{Guest Review} Slice of Cherry by Dia Reeves

Editor’s Note: This is a special guest review from my mom. Sandra is a retired high school English teacher with a lot of opinions and a newfound love of YA literature and urban fantasy—she’s a longtime fan of horror, campy mysteries and police procedurals. As a kid, her goal was to grow up to be Nancy Drew, so much so that she carried around a notebook to report on her neighbors’ potential criminal activities. We’re hoping that she’ll start every review like this one—with an f-bomb.

Evisceration is so fucking cool!

Kit and Fancy, the Cordelle sisters, take you through a portal into another world that’s bizarre and fascinating.

It’s a world where evisceration’s cool, where a crowd of gorgeous people born to carry their heads in their hands have star status, where imps pass from one person to another through kisses and buried bodies grow into trees sprouting the fruit of their inhumanity.

Portero, Kit and Fancy’s hometown, is a place unlike, yet like, those we know.

The Mortmaines, who wear only green as a uniform, keep the town safe from monsters who might swallow the town whole. Portero, the abode of the strange and fabulous, grows docile trees unlike anything growing in the wild, has redbrick streets and low colorful buildings holding secrets that live there breeding and boiling under the surface crippling the minds and actions of its people. Portero, a place where nonetheless love and kindness still flourishes.

If you’ve not had parents, not experienced the uncertainty of adolescence, not felt the sting of prejudgement nor disapproval of others, then Slice of Cherry’s not one that you would relate to.

For the rest of us, it’s a trip down a rabbit hole of madness and hope.
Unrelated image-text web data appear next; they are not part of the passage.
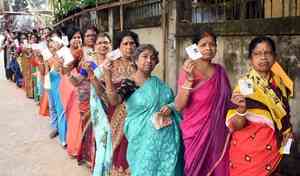 'No discrepancy', RO clarifies on 'mismatch' in figures at few polling stations in Tripura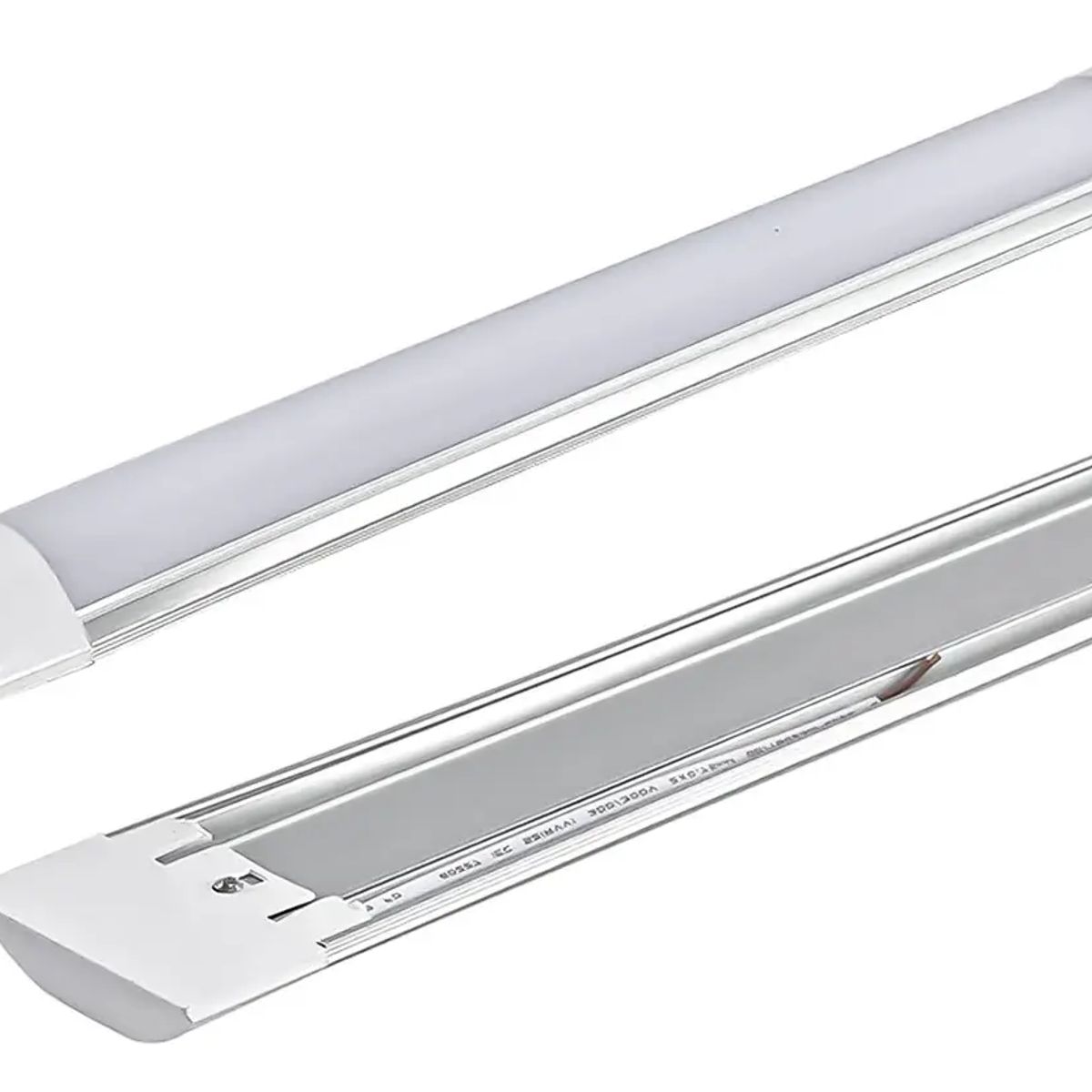 GENERICO - CANALETA CORREDERA LUZ FRIA 120CM 36W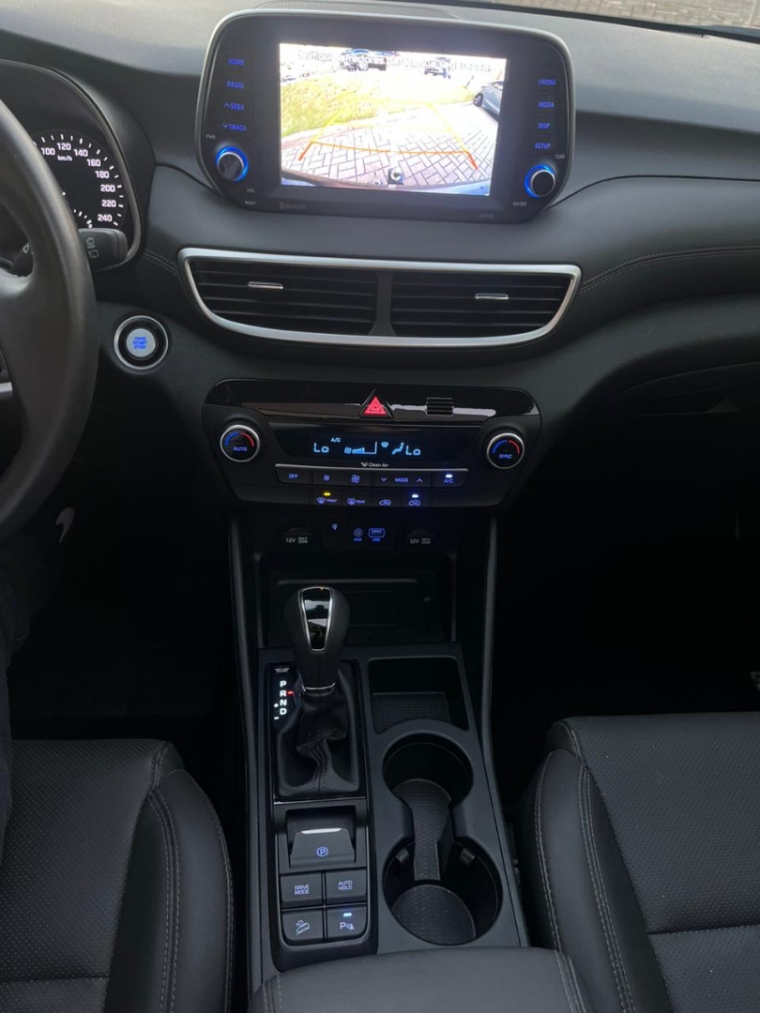 hyundai tucson 1.6 16v t-gdi gasolina limited ecoshift 4p automatico 202518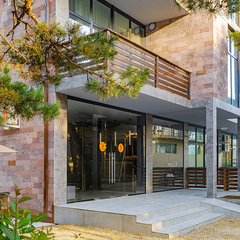 Отель Bruni Loft Hotel, Гагрский район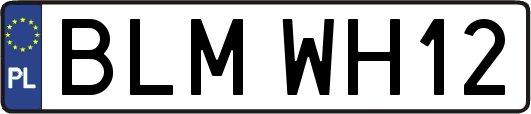 BLMWH12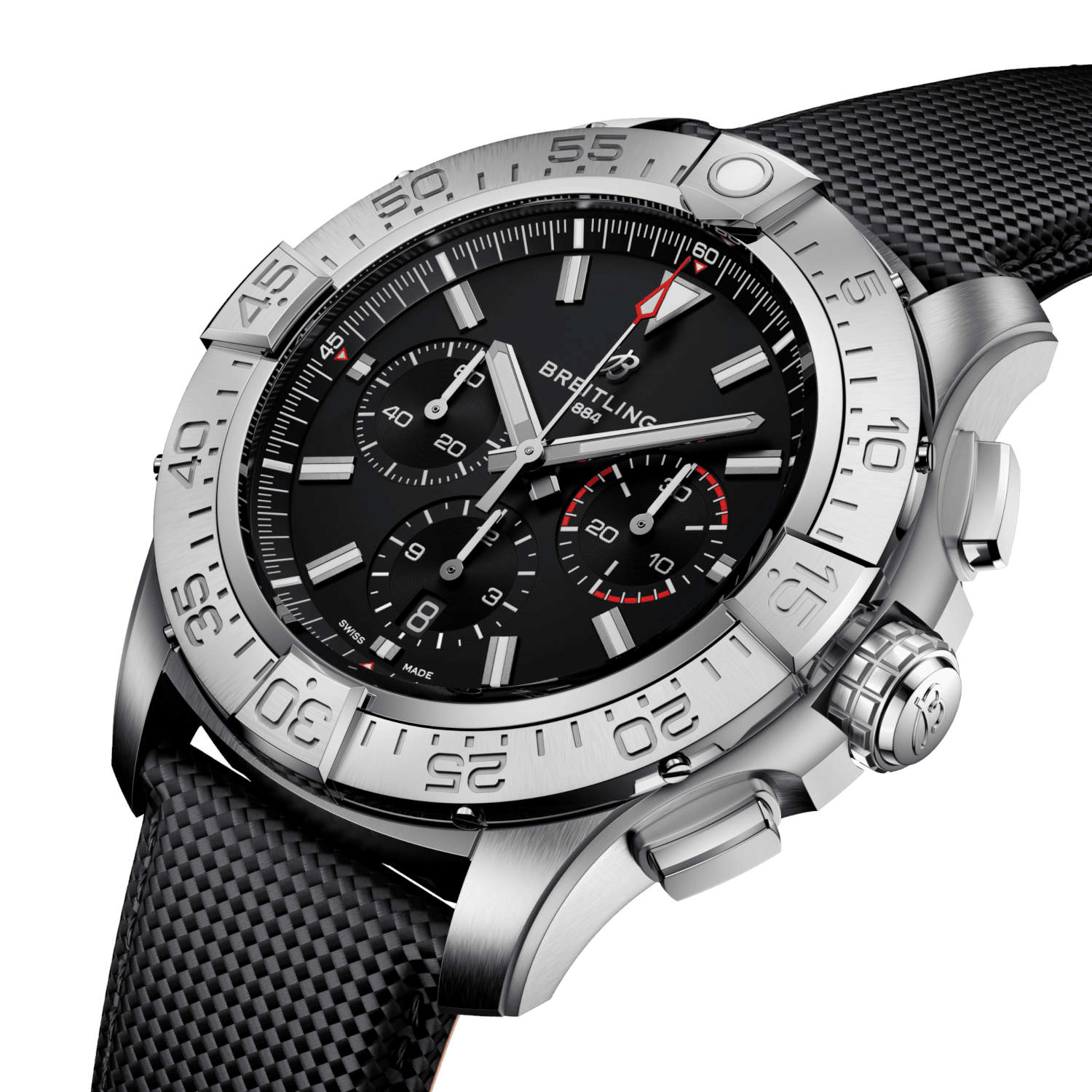 Breitling Super Avenger B01 Chronograph 46 Produktbild main 2
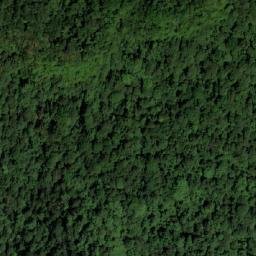 Satellite imagery of Mount Tenduragan, AU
Descendents of their father, the infamous Bonesaw Killer, and their mother, the kind and wise Madda, the sisters take the mantle of their father following a dark desire to kill, but unlike their father to kill only those deserving of death. Indulging in their birthright leads to the discovery of a portal that opens into a fine world, The Happy Place. It gives them the perfect ground to leave the slain. How can there be crime if there’s no evidence?

Woven into their Mad Hatter’s world comes depth of understanding, self discovery and love. Step into the land of Portero and The Happy Place.

It’s worth letting go of your imagination to find a world beyond our own.